File: fastchat/serve/gradio_block_arena_anony.py
Line: 310
Function: add_text() (line 269)

# Line 309-314 — VULNERABLE
all_conv_text_left = states[0].conv.get_prompt()
all_conv_text_right = states[0].conv.get_prompt()   # ← BUG: should be states[1]
all_conv_text = (
    all_conv_text_left[-1000:] + all_conv_text_right[-1000:] + "\nuser: " + text
)
flagged = moderation_filter(all_conv_text, model_list, do_moderation=True)

Key Note: In anonymous arena mode, do_moderation=True is explicitly set, meaning moderation is always active regardless of model type. This makes this variant more critical than the original patched bug, which only moderates certain model types.

Variant 2: fastchat/serve/gradio_block_arena_vision_named.py (Named Vision Arena)

File: fastchat/serve/gradio_block_arena_vision_named.py
Lines: 244-245
Function: add_text() (line 190)

# Lines 244-253 — VULNERABLE
all_conv_text_left = states[0].conv.get_prompt()
all_conv_text_right = states[0].conv.get_prompt()   # ← BUG: should be states[1]
all_conv_text = (
    all_conv_text_left[-1000:] + all_conv_text_right[-1000:] + "\nuser: " + text
)

images = convert_images_to_conversation_format(images)

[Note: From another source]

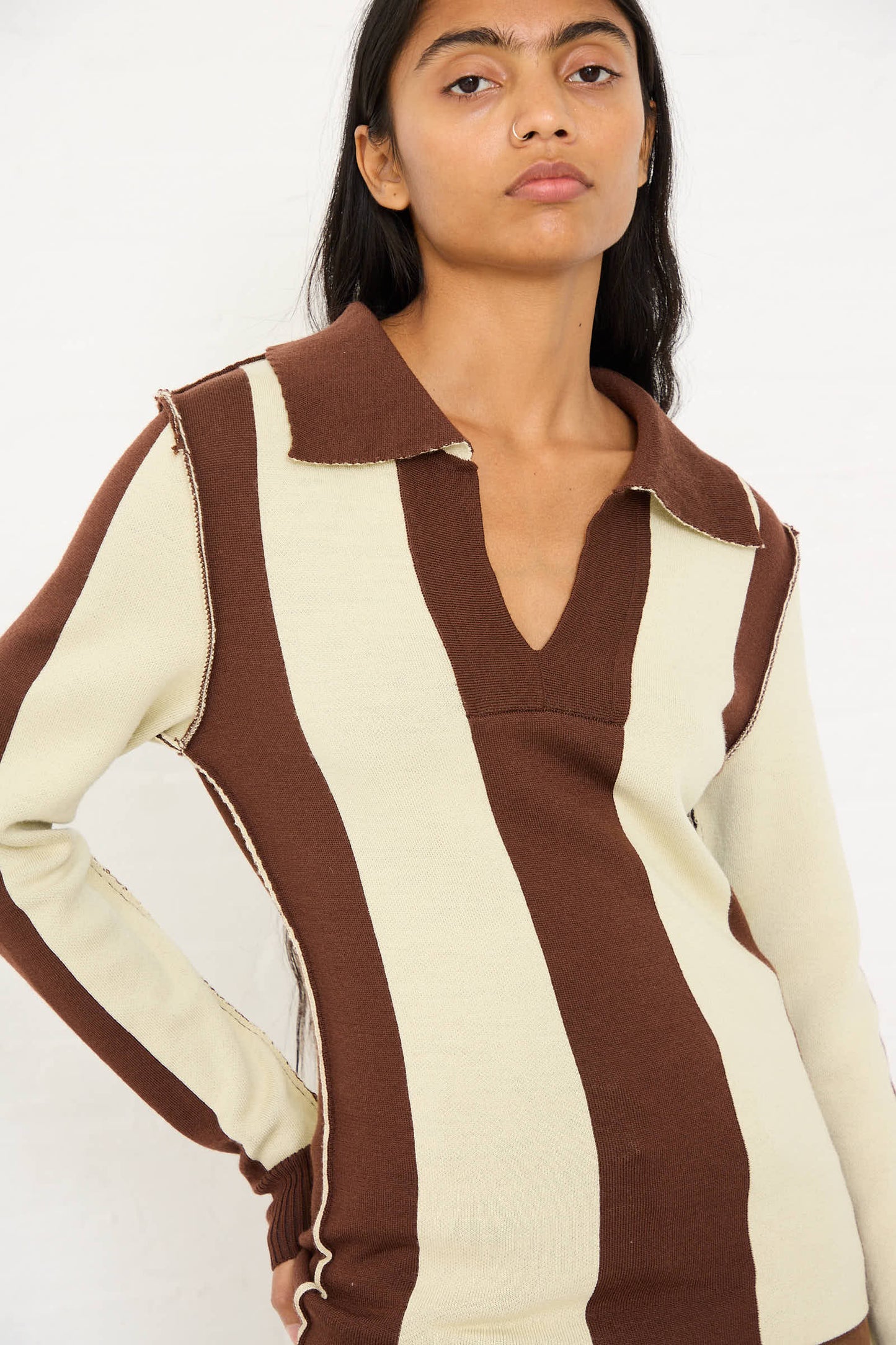 A person with long dark hair wearing the Renata Brenha Mané Polo Knit in Cream and Brown, inspired by 70s football jerseys, standing against a plain white background.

text, image_flagged, csam_flag = moderate_input(
    state0, text, all_conv_text, model_list, images, ip
)

2.3 Impact Analysis

What the bug does:

  • In side-by-side arena views, users chat with two models simultaneously
  • The moderation filter is supposed to check the conversation history of both models plus the new user input
  • Due to the bug, the RIGHT-side model's (Model B's) conversation history is never checked — the LEFT-side model's (Model A's) history is checked twice instead
  • This means if Model B generates content that should trigger moderation (e.g., violating sexual content thresholds), subsequent moderation checks won't catch it

Attack Scenario (Multi-Turn Bypass):

  1. User starts a side-by-side chat (anonymous or named vision arena)
  2. User sends an initial benign message → both models respond
  3. Model B generates a response containing borderline/violating content
  4. User sends another message → the moderation filter checks states[0] (Model A) history twice, completely ignoring Model B's response that contains violating content
  5. The moderation filter does NOT flag this, allowing the conversation to continue with violating content from Model B visible to the user

Severity: Medium — The new user INPUT text is still included and moderated, but the conversation history of the right-side model is not. This is primarily a concern for multi-turn conversations where model responses may escalate or contain violating content.

2.4 CWE Classification

  • CWE-670: Always-Incorrect Control Flow Implementation
  • CWE-284: Improper Access Control (content moderation bypass)

3. Reproduction Steps

Manual Reproduction

  1. Start the FastChat Gradio server with Arena mode:

    python3 -m fastchat.serve.controller
    python3 -m fastchat.serve.model_worker --model-path <model> --controller-address http://localhost:21001
    python3 -m fastchat.serve.gradio_web_server_multi --share
  2. Navigate to the Anonymous Arena tab (where do_moderation=True is always on)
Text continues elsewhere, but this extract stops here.